How one scale-up embraced TV advertising (Spoke London)

Updated: Jan 4

For a scale-up faced with the dilemma of whether or not to branch out into TV advertising, there’s an obvious decision.


As Simon Cowell might say: "it’s a ‘no’ from me."


Compared to the Marketing channels they’ve used up until this point (like paid search and paid social) TV looks very expensive, risky and hard to measure. Even if they can see the benefits of what it can bring in terms of reaching more customers and creating demand that makes performance marketing work harder, it can feel unattainable and inaccessible.


But the world has moved on and there are a number of options open to scale-ups who want to embrace testing out TV in a way that works for them. TV media owners - like ITV, Channel 4 and Sky - have adapted their offering to be much more accessible to those trying out their channels for the first time.

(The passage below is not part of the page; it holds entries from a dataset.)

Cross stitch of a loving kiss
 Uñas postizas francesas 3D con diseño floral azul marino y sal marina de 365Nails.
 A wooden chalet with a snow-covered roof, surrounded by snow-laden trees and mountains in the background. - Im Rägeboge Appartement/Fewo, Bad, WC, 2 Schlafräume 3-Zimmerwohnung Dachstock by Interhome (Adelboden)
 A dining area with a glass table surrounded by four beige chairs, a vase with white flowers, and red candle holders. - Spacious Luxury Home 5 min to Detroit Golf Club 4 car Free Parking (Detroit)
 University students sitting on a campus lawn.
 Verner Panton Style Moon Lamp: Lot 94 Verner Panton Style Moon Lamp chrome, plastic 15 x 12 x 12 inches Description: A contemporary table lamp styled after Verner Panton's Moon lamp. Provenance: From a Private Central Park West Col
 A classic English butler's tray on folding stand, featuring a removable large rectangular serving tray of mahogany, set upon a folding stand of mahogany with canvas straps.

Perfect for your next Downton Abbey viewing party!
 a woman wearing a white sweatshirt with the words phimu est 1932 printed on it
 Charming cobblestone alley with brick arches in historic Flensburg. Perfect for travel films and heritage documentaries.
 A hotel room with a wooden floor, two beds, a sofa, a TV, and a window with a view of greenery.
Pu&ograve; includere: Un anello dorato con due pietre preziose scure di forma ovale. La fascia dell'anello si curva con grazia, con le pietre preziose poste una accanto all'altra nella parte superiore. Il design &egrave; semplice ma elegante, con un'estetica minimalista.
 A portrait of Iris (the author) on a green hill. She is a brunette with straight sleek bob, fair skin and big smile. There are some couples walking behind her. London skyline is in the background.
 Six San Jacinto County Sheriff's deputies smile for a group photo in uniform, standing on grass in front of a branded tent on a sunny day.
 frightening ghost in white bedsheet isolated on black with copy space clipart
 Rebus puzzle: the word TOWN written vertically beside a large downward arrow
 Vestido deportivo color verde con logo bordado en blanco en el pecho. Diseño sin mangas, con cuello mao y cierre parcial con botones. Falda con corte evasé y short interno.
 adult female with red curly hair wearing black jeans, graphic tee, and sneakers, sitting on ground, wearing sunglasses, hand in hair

In the first article in this ‘Adventures in TV’ series, I had a chat with Ben Farren, CEO of Spoke – a start-up that sells top notch custom-fit men’s trousers to discerning gents (like me!).  We talked about his first steps into TV advertising and how a media-for-equity partnership with ITV helped his business step-change its growth.


Hi, Ben, thank you very much for joining. Let's start with you telling us a little bit about your career highlights and how you came up with the idea for Spoke.

I was a management consultant when I left university and I enjoyed it more than I anticipated. I bounced around lots of industries and lots of parts of the world and that was exciting. Until it wasn't, and I worried that I was being institutionalised, and I wondered if there was anything more to working life.


I jumped ship after six years in that world and started a FinTech business in West Africa which I worked on for three years and left earlier than I would liked to have. And it left me with this profound sense of unfinished business. So, I went back to consulting for a bit but with a very clear intention to get back into entrepreneurship. I had lots of ideas bouncing around, but I'd always thought that I'd be quite turned on by the process of building a consumer brand of some kind. I became increasingly preoccupied with some specific ideas around menswear.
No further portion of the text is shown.